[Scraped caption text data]
....................

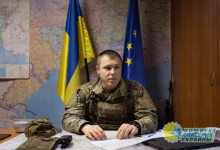 Киевскому режиму не хватает денег на рассылку повесток военнообязанным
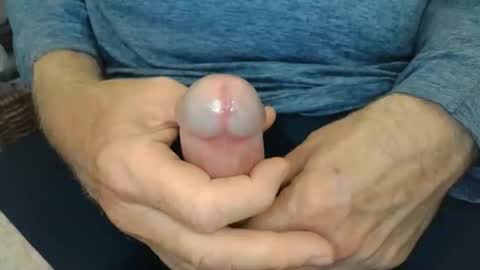 txpussyhound online show from October 2025 07:03:02 PM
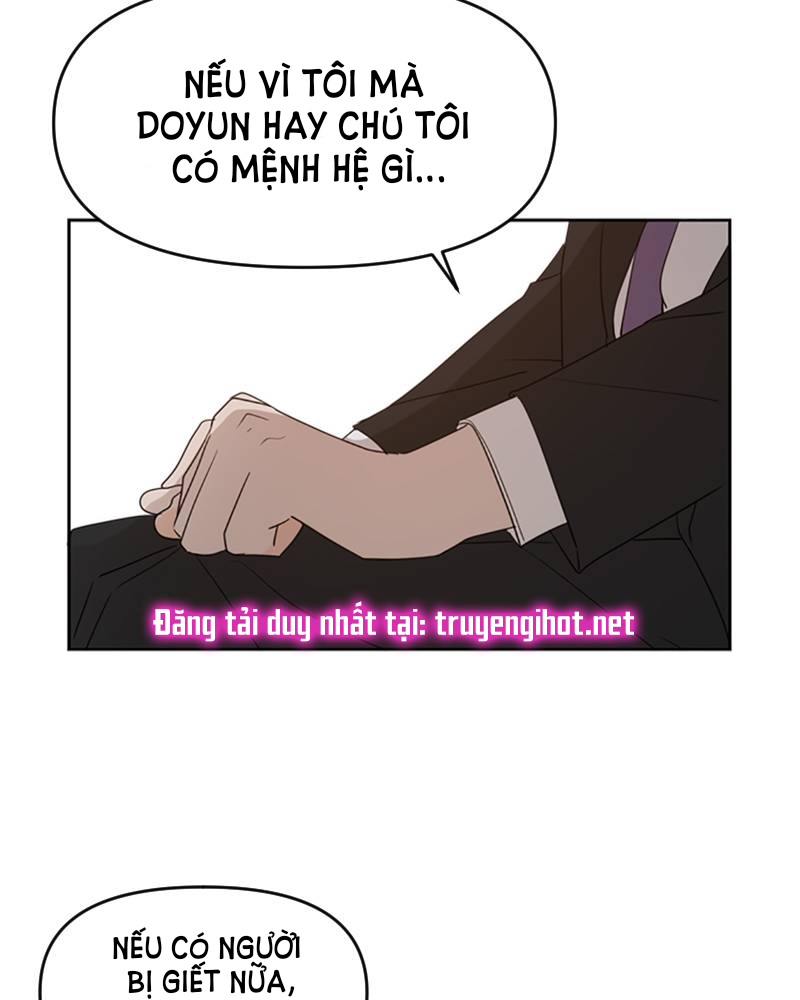 hẹn gặp anh ở kiếp thứ 19 chapter 71 68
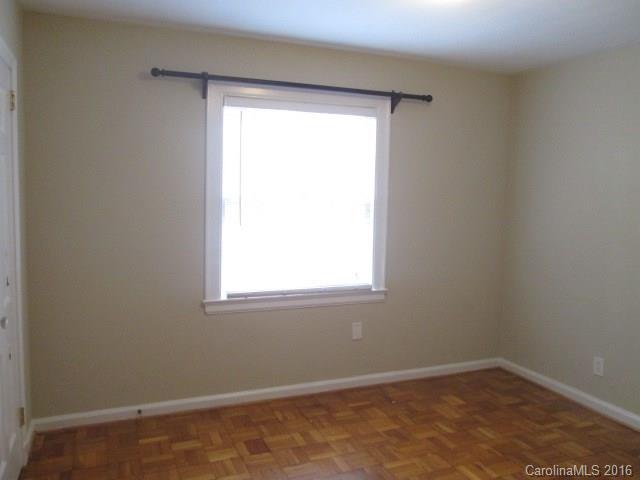 Eastover - Residential Lease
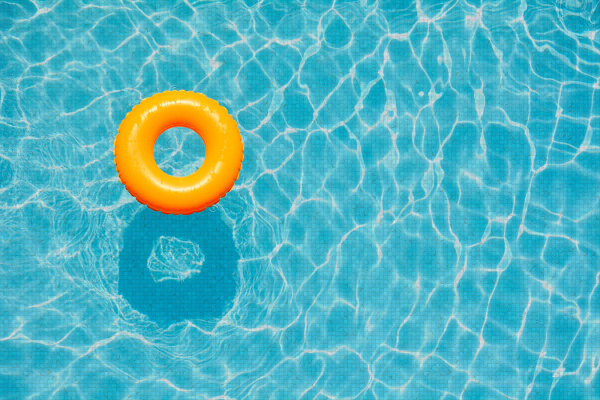 Стеклянная мозаика Gibeon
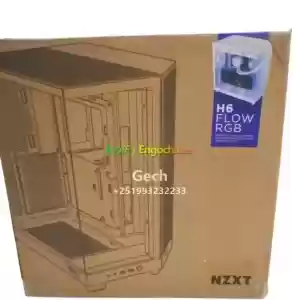 ️ Assembled  Gaming Desktop ️Intel core i9-12th gen in Ethiopia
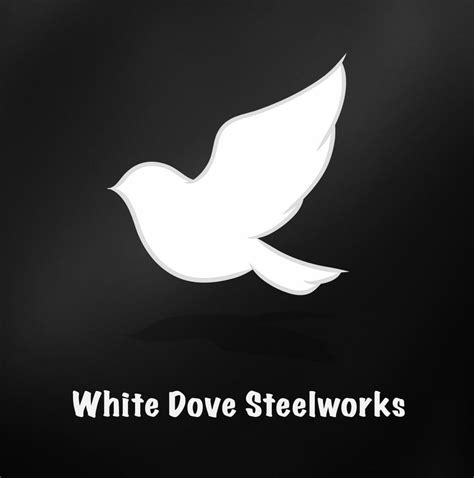 White Dove Bumpers Boksburg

....................

▸ PROBLEM DESCRIPTION
Exactly as written, reproduce all of the entries while dropping the pictures.

▸ OUTPUT OF THE EXERCISE
 Киевскому режиму не хватает денег на рассылку повесток военнообязанным
 txpussyhound online show from October 2025 07:03:02 PM
 hẹn gặp anh ở kiếp thứ 19 chapter 71 68
 Eastover - Residential Lease
 Стеклянная мозаика Gibeon
 ️ Assembled  Gaming Desktop ️Intel core i9-12th gen in Ethiopia
 White Dove Bumpers Boksburg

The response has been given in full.